A Practical Architecture for Large-Scale Clinical Data Ingestion

Clinical environments generate vast amounts of operational data from electronic medical records, oncology information systems, PACS archives, and imaging and treatment-planning platforms. This data has enormous value for research, AI model development, and quality improvement. Yet pulling this data from production systems in a form suitable for analysis is exceptionally difficult.

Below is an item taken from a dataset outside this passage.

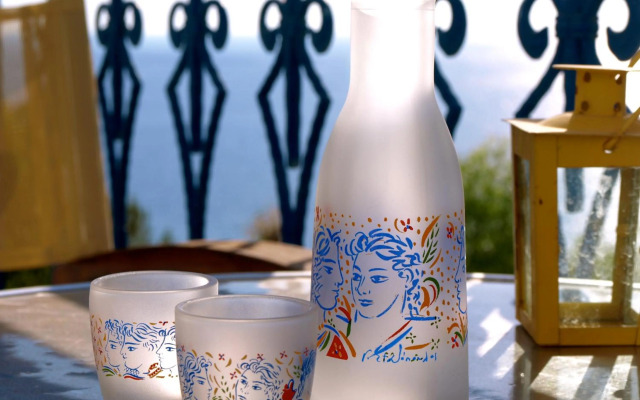 Michalis Studios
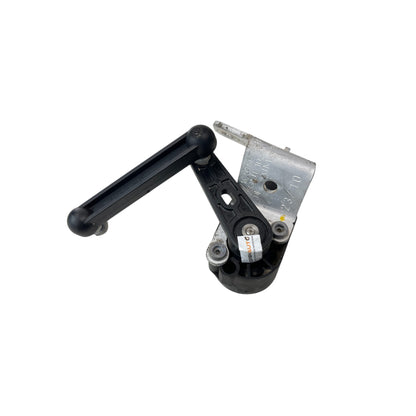 Sensor BMW 550i V8 4.4 2010 259160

The core challenge is architectural. Production clinical systems are optimized for real-time patient care, not for bulk extraction or analytical workloads. Large queries are throttled or deprioritized, exports are slow or unreliable, and research pulls routinely require manual workarounds. Even when data is successfully retrieved, it is rarely delivered in a format that can be indexed, searched, or reused. Metadata is inconsistent across vendors, identifiers change across systems, version histories are overwritten, and imaging data—particularly RTPLAN, RTSTRUCT, and RTDOSE—is deeply nested and poorly structured for research.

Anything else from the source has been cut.